I’m less sympathetic to the reactions of people who resent (though are only marginally burdened by) the unstoppable flow of people from poverty and destitution toward opportunity than I am cognizant of its inevitability. For that reason, more than any other, we need federal laws that are enforceable, and that are a reasonable compromise between who and what we should be, and who and what we are.

The history of immigration law in America is a lot uglier than a lot of people realize, more often racist than not, and still somewhat brutal in the fierce protection of what’s ours, even against the most innocent and vulnerable victims of a cruel world. It’s hard to admire that, when the vast majority in America are walking around with i-phones, and pay cable subscriptions, and live comfortably and eat well. And here’s one of my objections to some in my own party: the branch of American labor that does not recognize any international responsibility beyond protecting our own wealth against foreign intrusion is as odious to me as any aspect of right-wing ideology.

Furthermore, we are capable of restructuring our priorities, and investing in our future, in ways which will provide native-born Americans with better opportunities to fill higher-paying, more information-intensive positions in our national (and the global) economy, leaving those eager souls from beyond our borders with the opportunity to fill the lower-paying, unskilled positions that Americans no longer want. This is, to a limited extent, the nature of illegal immigration today; in reality, the demand for low-paid foreign labor exists because Americans want, and can usually find, better opportunities (and the demand for highly paid, highly skilled foreign labor exists because we are failing to educate our own children to be able to satisfy it). But to the extent that there still is some competition for jobs between those born here or here legally, at the bottom of our economic ladder, and those who are newly arriving illegally, a greater commitment on our part to robust and effective public education, and provision of affordable, varied higher educational opportunities, will mitigate this problem, by moving those already here up the economic ladder, and leaving the rungs at the bottom to those newly arriving. 

Even so, the use of immigrant labor to depress wages and to displace higher paid American labor still exists. Despite our relative wealth and comfort, the pressures and anxieties of an uncertain economy, of an uncertain future, of family responsibilities and assumptions about what we will be able to give to our children, all make our protectionist reflexes understandable, if neither ideal nor admirable. I’m not unsympathetic to the worker whose livelihood is made less secure by the competition of desparately poor people elsewhere, nor to the folks in border states and communities whose local resources are strained by undocumented waves of humanity pouring in.

But I’m a human being first, and an American second.
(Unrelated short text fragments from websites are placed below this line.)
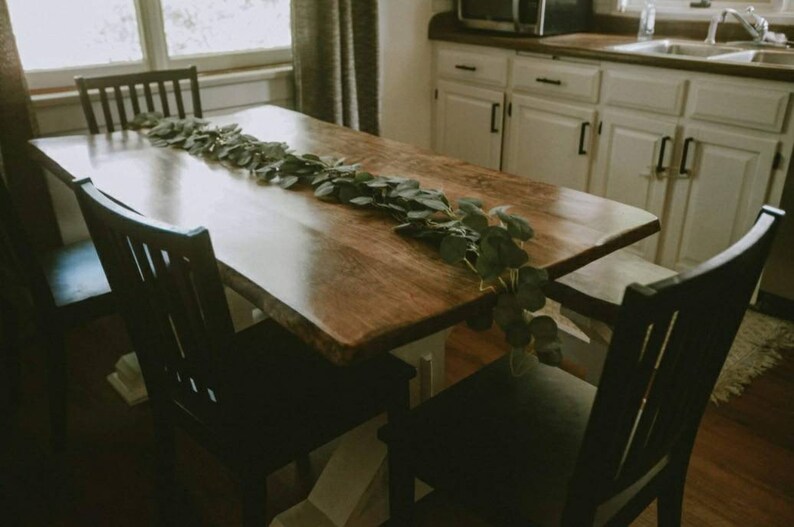 Live Edge Farmhouse Table With a Trestle Base Etsy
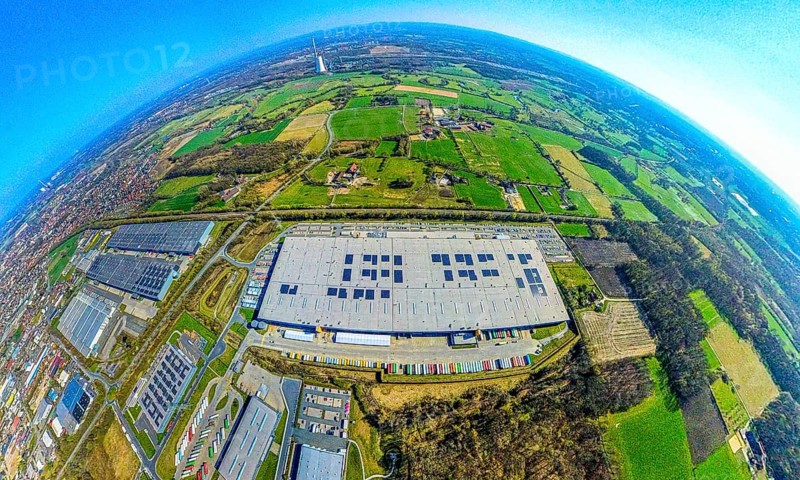 Aerial photography, Amazon logistics, Amazon DE DTM1, earth globe, fisheye shot, fisheye shot, 360 degree shot, tiny world, little planet, fisheye image, Lenklar, Werne, Ruhr area, North Rhine-Westphalia, Germany, DE, Europe, fisheye lens, fisheye lens, aerial photography, aerial photography, aerial photography, Münsterland, super wide angle lens, overview, bird's eye view, birds-eyes view, fisheye lens, insta360 camera, overview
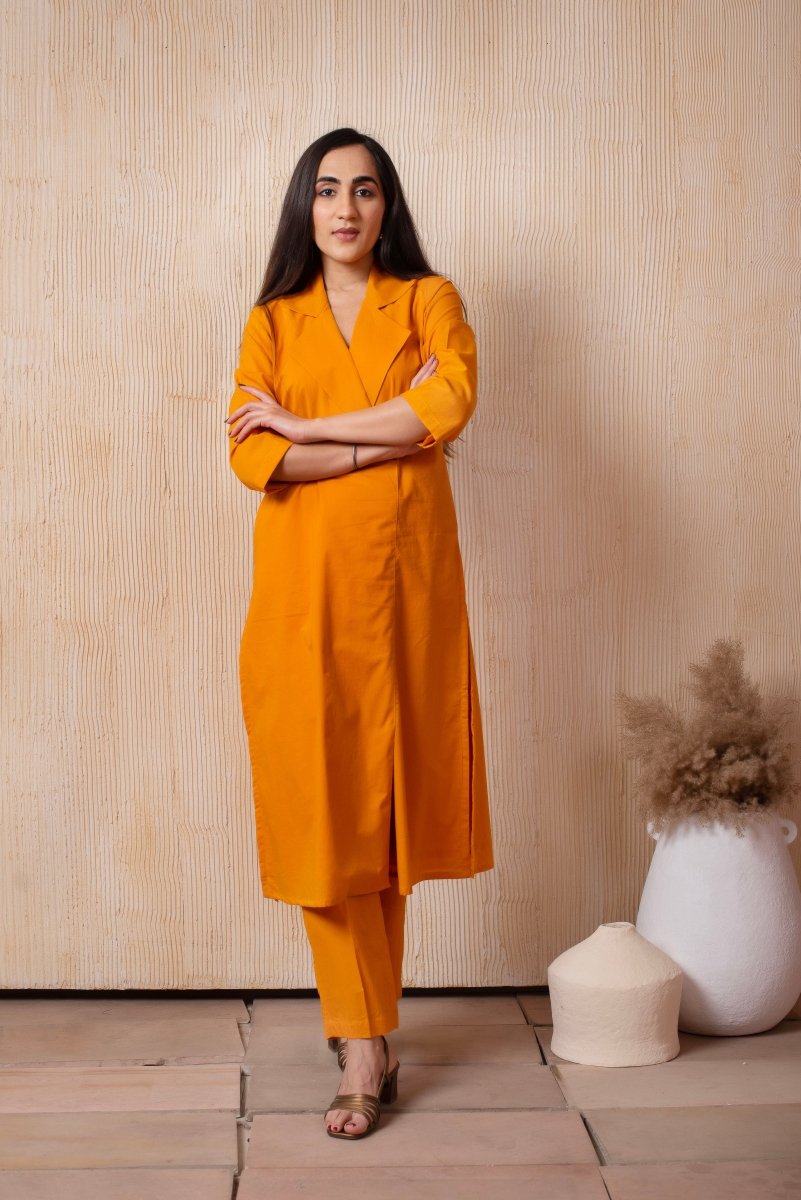 DHOOP CHAAV PUMPKIN ORANGE COTTON COLLARED CO - ORD SET - Pomcha Jaipur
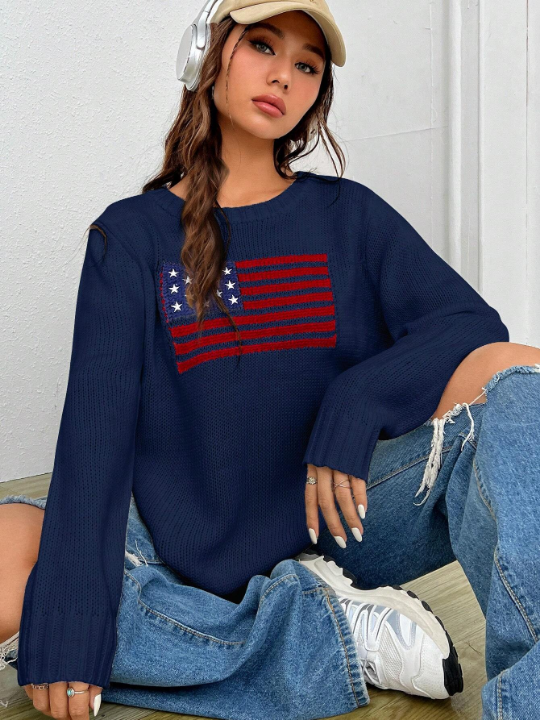 EZwear American Flag Sweater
The problems and stresses of Americans are nothing compared to the problems and stresses of those against whom we are protecting ourselves. And our mythologies and rationalizations with which we reassure ourselves that that is just and right do not in any way actually make it just and right. Furthermore, our own long-term interests are best served by including massive immigration in the equation, and creating a context in which those who enter fill positions that those who are here no longer need to settle for.

So that’s the nature of the challenge, as I see it. How do we negotiate all of those imperatives, all of those needs, all of those legitimate concerns? I don’t know. But the first step is to achieve a higher degree of honesty about the nature of the world in which we live, and the nature of the role we play, and could play, in it.